REQUIRED WORK. Give the number of lines in the data that hold the word "ceiling", and nothing else.

(Brief descriptive captions)
++++++++++++++++++++
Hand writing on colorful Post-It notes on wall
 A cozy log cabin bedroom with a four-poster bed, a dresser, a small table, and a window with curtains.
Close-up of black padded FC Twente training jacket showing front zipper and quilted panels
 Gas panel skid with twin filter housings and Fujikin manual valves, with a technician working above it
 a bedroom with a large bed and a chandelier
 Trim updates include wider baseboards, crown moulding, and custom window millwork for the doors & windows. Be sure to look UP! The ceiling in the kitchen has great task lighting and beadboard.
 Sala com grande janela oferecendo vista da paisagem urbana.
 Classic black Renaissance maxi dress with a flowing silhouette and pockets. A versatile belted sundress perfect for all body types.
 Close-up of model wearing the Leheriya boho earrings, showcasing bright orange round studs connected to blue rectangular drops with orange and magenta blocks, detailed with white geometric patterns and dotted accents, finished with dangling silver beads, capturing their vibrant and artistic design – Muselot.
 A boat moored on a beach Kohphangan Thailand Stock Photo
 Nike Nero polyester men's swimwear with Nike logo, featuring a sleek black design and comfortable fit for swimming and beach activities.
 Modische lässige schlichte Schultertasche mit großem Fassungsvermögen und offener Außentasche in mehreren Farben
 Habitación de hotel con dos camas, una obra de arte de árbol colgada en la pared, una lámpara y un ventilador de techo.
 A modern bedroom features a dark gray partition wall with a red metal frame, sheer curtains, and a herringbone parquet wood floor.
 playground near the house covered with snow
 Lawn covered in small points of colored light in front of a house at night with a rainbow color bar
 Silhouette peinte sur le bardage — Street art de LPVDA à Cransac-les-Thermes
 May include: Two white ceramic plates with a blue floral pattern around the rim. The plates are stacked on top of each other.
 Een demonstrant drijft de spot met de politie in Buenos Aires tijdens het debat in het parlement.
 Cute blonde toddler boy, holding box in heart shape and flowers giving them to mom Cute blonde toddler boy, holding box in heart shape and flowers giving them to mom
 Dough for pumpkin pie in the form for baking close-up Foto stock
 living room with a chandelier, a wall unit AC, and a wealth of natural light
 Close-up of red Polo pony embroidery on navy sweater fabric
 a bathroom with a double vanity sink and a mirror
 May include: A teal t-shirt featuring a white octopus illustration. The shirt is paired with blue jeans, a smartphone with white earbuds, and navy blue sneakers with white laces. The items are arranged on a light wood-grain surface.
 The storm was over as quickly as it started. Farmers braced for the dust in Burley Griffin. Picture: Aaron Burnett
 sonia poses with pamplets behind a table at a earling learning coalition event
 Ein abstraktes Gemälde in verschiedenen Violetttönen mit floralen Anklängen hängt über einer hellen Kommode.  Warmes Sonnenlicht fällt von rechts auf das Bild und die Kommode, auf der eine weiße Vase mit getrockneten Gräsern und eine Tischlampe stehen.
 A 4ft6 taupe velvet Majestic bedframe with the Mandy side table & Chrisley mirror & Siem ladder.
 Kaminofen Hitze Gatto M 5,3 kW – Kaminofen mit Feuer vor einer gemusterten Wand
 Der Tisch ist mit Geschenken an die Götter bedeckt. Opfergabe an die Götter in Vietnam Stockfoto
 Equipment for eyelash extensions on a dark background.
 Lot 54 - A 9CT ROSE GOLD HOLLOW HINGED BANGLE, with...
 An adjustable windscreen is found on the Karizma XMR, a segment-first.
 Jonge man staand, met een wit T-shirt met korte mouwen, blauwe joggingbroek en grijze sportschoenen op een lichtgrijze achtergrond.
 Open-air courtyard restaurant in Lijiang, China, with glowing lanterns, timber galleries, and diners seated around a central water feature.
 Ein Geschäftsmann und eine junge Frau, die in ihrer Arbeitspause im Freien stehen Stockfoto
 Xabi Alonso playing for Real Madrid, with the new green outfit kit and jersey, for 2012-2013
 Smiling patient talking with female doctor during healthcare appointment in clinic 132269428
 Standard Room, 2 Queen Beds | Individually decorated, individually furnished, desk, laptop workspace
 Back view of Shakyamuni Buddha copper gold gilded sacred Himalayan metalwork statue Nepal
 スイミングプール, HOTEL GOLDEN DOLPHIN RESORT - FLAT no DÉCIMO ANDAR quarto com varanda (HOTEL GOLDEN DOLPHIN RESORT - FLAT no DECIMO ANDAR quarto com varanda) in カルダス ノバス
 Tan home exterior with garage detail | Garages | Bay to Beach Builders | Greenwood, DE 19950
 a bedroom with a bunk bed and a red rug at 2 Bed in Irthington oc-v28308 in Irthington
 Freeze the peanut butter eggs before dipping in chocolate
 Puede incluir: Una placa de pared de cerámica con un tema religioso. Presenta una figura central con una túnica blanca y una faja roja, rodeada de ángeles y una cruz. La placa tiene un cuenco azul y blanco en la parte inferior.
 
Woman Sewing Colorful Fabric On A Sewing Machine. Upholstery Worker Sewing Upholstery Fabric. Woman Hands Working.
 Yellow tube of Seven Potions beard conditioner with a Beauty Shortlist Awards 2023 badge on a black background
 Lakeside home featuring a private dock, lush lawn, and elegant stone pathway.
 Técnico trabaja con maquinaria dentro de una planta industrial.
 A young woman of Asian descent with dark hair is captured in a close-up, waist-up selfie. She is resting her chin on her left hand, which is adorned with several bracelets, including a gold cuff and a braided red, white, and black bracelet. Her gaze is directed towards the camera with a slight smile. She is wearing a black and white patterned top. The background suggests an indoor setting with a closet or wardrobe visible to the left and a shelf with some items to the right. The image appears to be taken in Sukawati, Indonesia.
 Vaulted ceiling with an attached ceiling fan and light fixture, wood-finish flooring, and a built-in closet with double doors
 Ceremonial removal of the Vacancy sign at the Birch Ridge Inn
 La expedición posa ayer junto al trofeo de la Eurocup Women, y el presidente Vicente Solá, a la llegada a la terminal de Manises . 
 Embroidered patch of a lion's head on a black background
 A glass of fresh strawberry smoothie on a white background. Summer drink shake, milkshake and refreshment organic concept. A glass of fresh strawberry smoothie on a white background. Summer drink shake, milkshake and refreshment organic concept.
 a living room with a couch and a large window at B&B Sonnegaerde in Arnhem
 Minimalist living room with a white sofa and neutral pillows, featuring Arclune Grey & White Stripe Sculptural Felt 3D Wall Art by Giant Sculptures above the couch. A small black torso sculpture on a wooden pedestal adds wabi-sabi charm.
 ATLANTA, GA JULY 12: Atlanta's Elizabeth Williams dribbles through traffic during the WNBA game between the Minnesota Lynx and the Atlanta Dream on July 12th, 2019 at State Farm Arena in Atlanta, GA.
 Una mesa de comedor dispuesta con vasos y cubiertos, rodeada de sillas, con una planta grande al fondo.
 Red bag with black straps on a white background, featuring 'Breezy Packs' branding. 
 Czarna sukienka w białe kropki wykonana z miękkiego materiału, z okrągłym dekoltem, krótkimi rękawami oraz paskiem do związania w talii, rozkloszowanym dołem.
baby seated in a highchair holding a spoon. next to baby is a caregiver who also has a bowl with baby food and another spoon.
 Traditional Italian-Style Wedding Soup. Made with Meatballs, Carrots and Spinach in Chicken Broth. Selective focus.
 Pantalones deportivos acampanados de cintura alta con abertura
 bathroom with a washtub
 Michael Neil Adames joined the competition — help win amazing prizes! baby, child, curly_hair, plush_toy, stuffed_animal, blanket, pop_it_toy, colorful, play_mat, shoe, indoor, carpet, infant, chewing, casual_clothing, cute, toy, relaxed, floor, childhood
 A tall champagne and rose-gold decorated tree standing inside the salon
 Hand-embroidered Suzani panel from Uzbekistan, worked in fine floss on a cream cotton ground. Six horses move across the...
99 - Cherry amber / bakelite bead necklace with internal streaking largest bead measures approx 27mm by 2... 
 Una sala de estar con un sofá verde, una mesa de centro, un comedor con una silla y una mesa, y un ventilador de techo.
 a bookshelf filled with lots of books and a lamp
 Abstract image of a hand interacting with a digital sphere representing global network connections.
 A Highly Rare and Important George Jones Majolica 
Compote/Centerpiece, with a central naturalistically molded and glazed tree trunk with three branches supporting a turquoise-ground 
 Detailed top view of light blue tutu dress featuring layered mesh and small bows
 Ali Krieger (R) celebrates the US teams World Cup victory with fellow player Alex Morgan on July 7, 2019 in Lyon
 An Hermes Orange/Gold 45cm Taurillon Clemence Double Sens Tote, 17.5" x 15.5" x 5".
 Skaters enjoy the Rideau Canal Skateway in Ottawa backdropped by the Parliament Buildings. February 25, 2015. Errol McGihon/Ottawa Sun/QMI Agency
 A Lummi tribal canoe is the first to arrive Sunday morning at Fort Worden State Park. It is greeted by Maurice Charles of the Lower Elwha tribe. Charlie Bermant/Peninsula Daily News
++++++++++++++++++++
ANSWER BELOW. 2